** Source data follows **
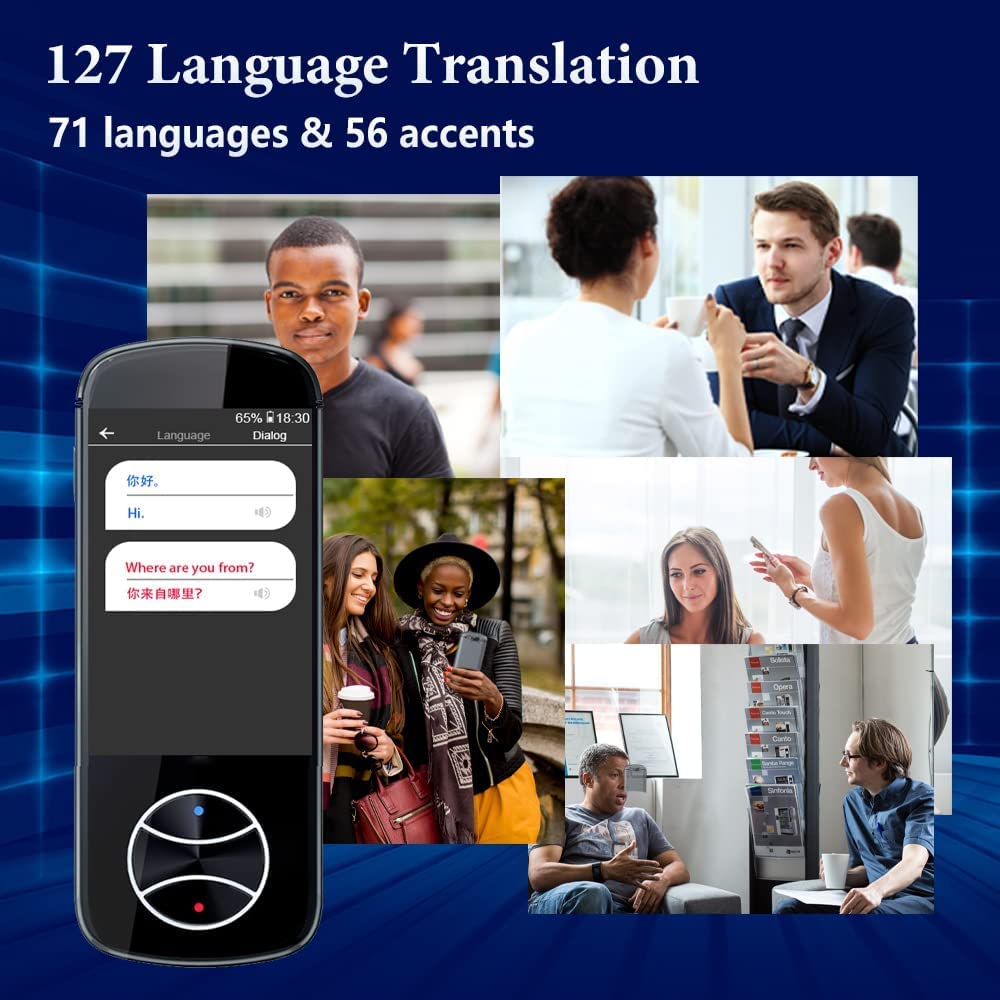 Language Translator Device Portable Real-time Voice Translation in 127 Different Languages and Accents, Support Instant Offline/WiFi/Hotspot Accuracy Image Interpreter Translation
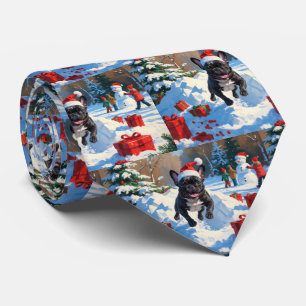 Schwarzer Französischer Bulldogge Weihnachten Fest Krawatte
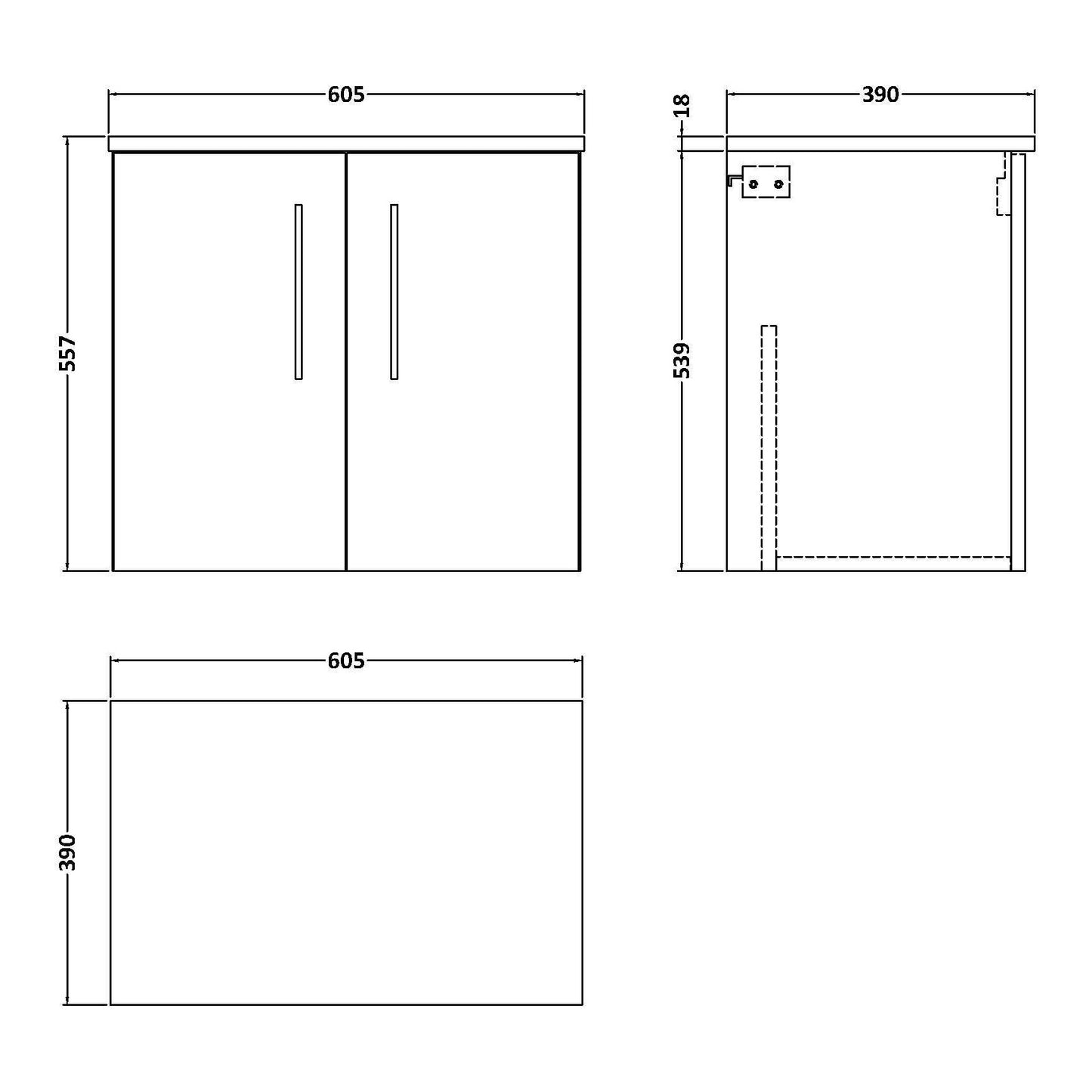 Fairford Aspri Satin Grey 600mm 2 Door Wall Hung Vanity Unit with Worktop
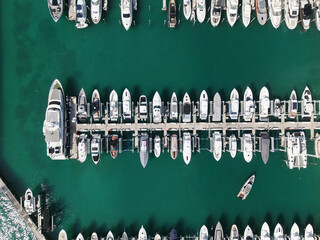 South pointe Miami marina with luxury yacht. Summer vacation. Luxury South beach marina. Luxury...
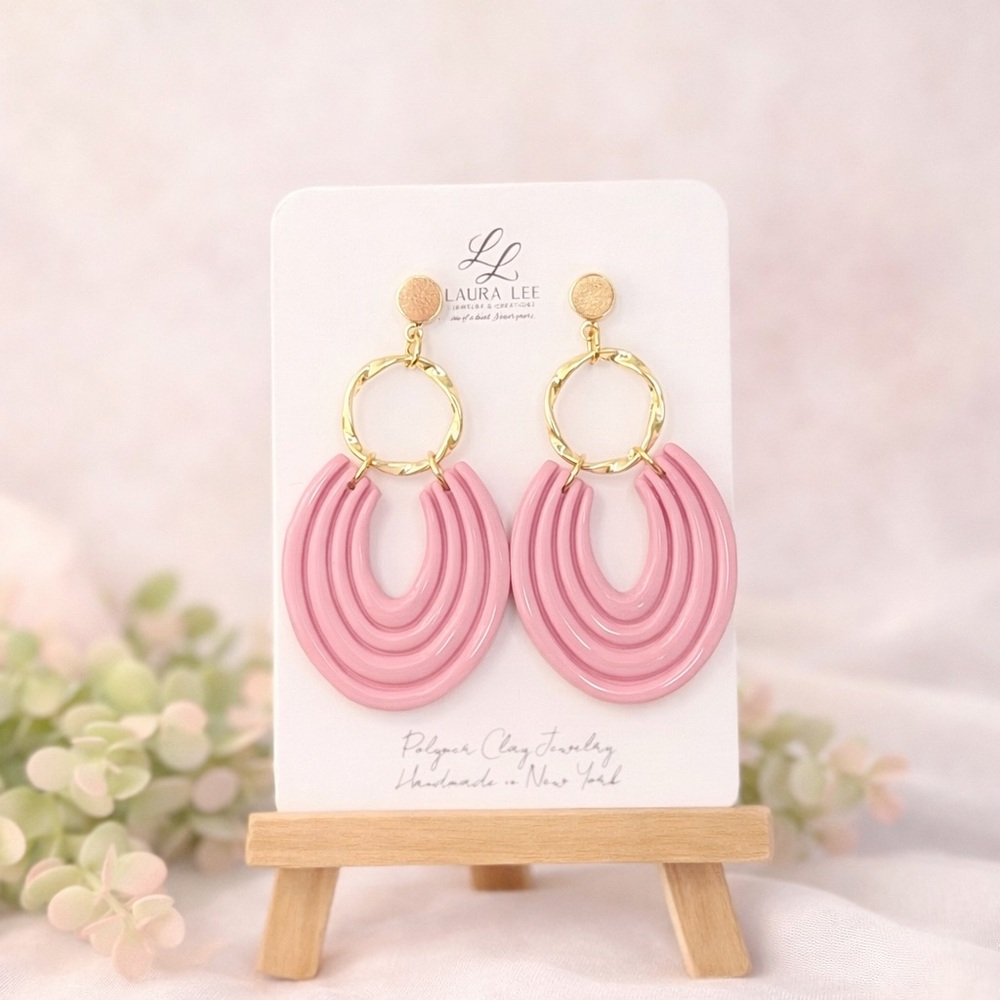 Pink Gold Hoop Drop Earrings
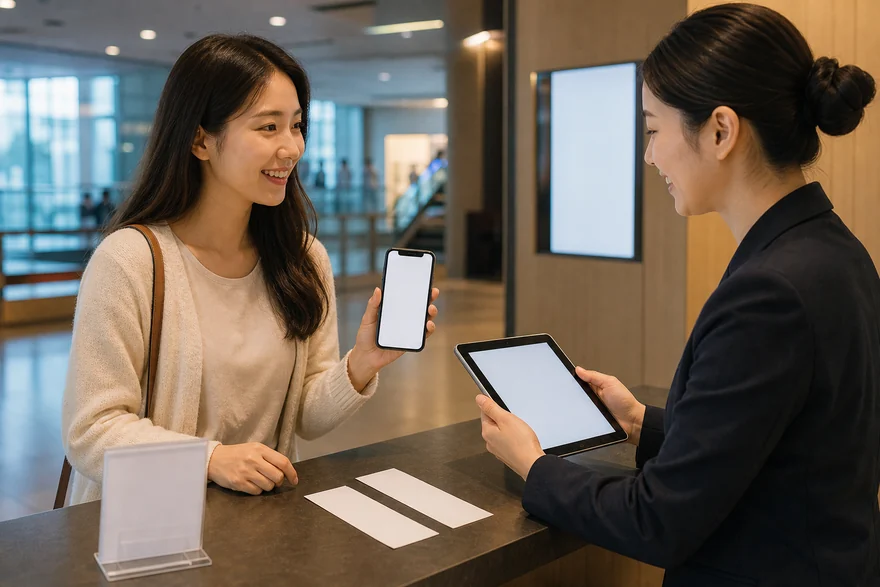 Textless generated photo of a traveler showing a blank phone reservation screen at a Korean venue.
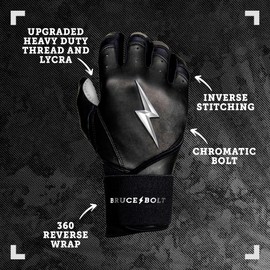 BRUCE BOLT Chrome Series Long Cuff Black Batting Glove - Black Youth Medium
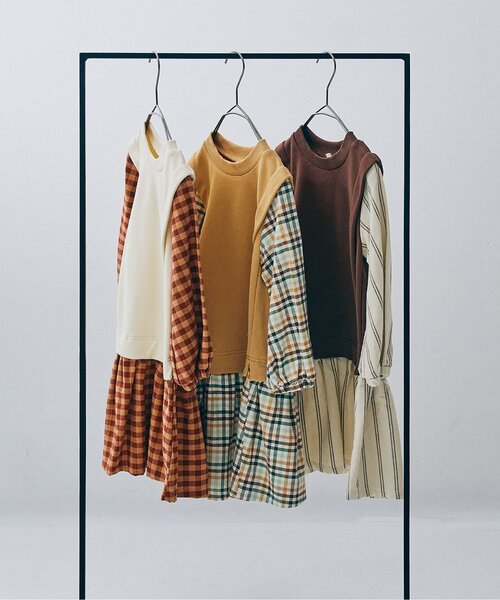 p.premier(ピードットプルミエ)の「【リンク/ジュニア対応】ベストとくっつきワンピース(ワンピース・キッズ・アイボリー/ベージュ/ダークブラウン・80/90/100/110/120/130/140)」の8枚目の写真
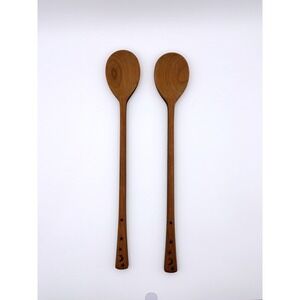 Celestial Wooden Serving Spoons Set of 2 Stars Moon Long Handle 11 Inch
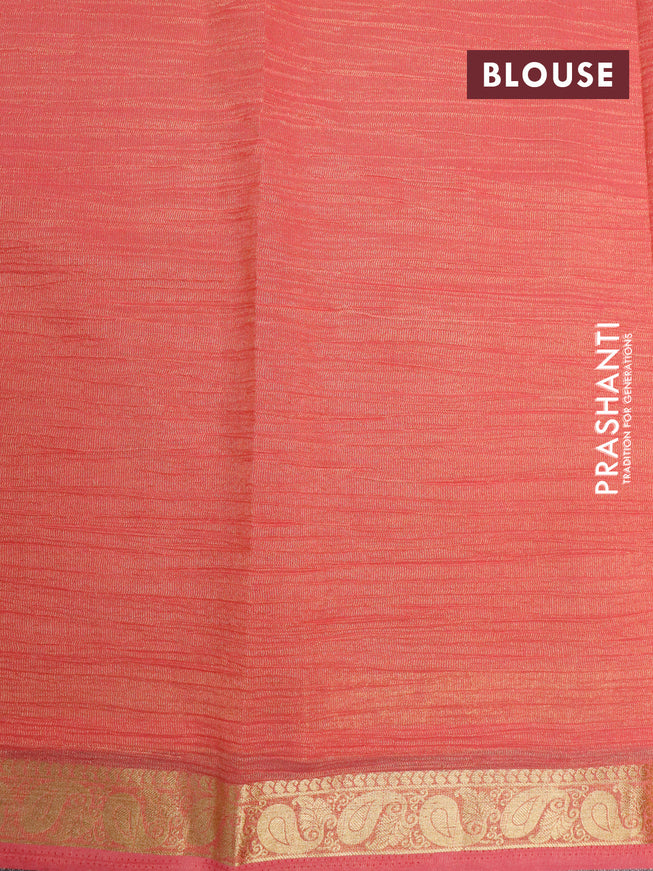 Crushed tissue saree pink shade with plain body and paisley zari woven border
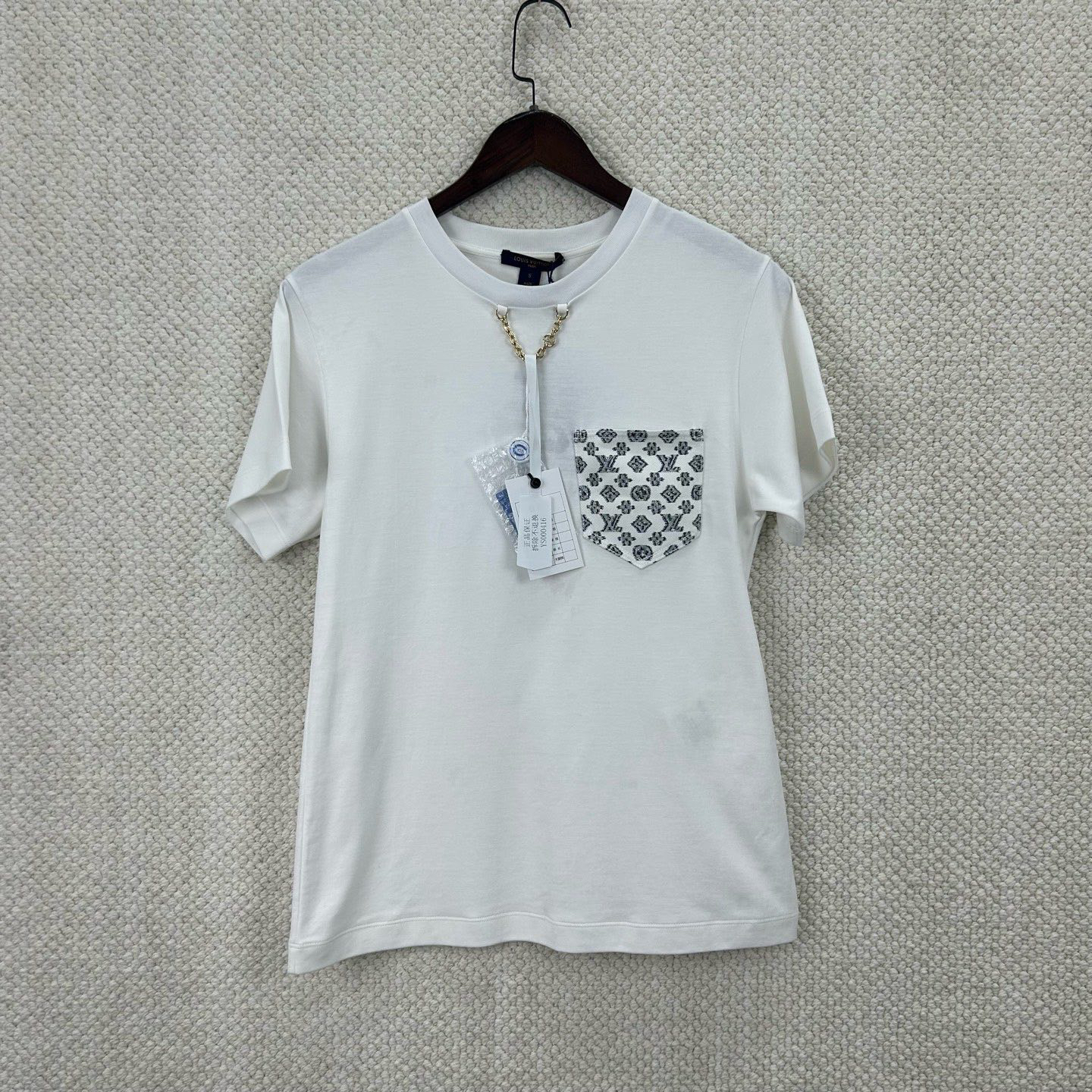 未使用 LouisVuitton/路易威登 ss25字母印花口袋短袖S码ys000416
** End of Source data **
→ Exercise
A word-for-word copy of the material is required; pictures stay out of it.

→ Exercise result
 Language Translator Device Portable Real-time Voice Translation in 127 Different Languages and Accents, Support Instant Offline/WiFi/Hotspot Accuracy Image Interpreter Translation
 Schwarzer Französischer Bulldogge Weihnachten Fest Krawatte
 Fairford Aspri Satin Grey 600mm 2 Door Wall Hung Vanity Unit with Worktop
 South pointe Miami marina with luxury yacht. Summer vacation. Luxury South beach marina. Luxury...
 Pink Gold Hoop Drop Earrings
 Textless generated photo of a traveler showing a blank phone reservation screen at a Korean venue.
 BRUCE BOLT Chrome Series Long Cuff Black Batting Glove - Black Youth Medium
 p.premier(ピードットプルミエ)の「【リンク/ジュニア対応】ベストとくっつきワンピース(ワンピース・キッズ・アイボリー/ベージュ/ダークブラウン・80/90/100/110/120/130/140)」の8枚目の写真
 Celestial Wooden Serving Spoons Set of 2 Stars Moon Long Handle 11 Inch
 Crushed tissue saree pink shade with plain body and paisley zari woven border
 未使用 LouisVuitton/路易威登 ss25字母印花口袋短袖S码ys000416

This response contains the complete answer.